On CMS open data, and numbers big and small
In July 2021, the open data group of the CMS experiment conducted the second CMS open data workshop aimed at physicists interested in research use of these unique public data. In the spirit of openness, the number of registrants was not restricted, and the workshop was actively followed by some 50 participants with diverse backgrounds and origins.
The event was four full days of work, preceded by a set of pre-exercises to be completed before the start. The workshop aimed to cover the skills needed to get started with the experimental particle physics data from the CMS experiment, and all exercises were hands-on. A session practising running CMS data analysis jobs in a cloud computing environment was included. The feedback survey indicates that the workshop was a success: the participants gained confidence in using these data and would recommend the workshop for colleagues with similar interests.
I have been involved in CMS data preservation and open data activities right from the beginning. In 2011, I chaired the working group set up to draft the CMS data preservation, re-use and open access policy, the first of its type in particle physics, and since 2012, I’ve been leading the group that was created to implement the policy after its approval. It is tempting for me to reflect on the evolution in these ten years. Figure 1 shows the timeline of the data releases, which now include most of the Run-1 data (collected in 2010-2012). The first Run-2 data releases of data collected in 2015-2018 are in preparation.

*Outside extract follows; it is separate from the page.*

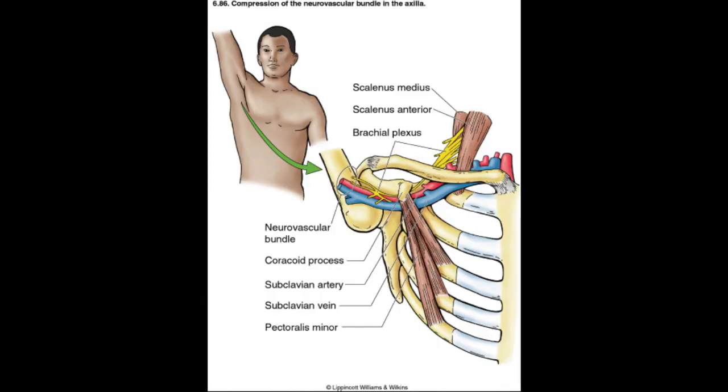What is thoracic outlet syndrome? Thoracic outlet syndrome is a problem where compression of the brachial plexus and subclavian vasculature occurs through the scalenes, also underneath the collarbone between the first rib and the collarbone, and then underneath the pectoralis minor — the pec minor more so for the vasculature.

In the drafting of the data policy, I remember well Jesus Marco from Universidad de Cantabria, a member of the data policy working group, proposing that CMS should promote a workshop after the first release to assess whether these data can be usefully exploited by people external to the CMS collaboration. At that time, the concept of open data in particle physics was totally new and even terrifying for many, and organising a workshop on their use certainly sounded rather distant wishful thinking. The proposal, however, boldly made its way to the policy document, and now, ten years after, we are collecting feedback from the participants of the second workshop of this type.
To be able to call the first open data workshops took us several data releases, with gradual and continuous improvements of the accompanying material. For data to be usable, much more is required than public access to them. Data management and re-usability are often described with FAIR principles for Findable, Accessible, Interoperable, and Re-usable data and metadata, i.e. “data about data”. CMS data released through the CERN open data portal satisfy these principles to a large extent. But due to the complexity of experimental particle physics data, the FAIR principles alone do not guarantee the re-usability of these data, and additional effort is needed to pass on the knowledge needed to use and interpret them correctly.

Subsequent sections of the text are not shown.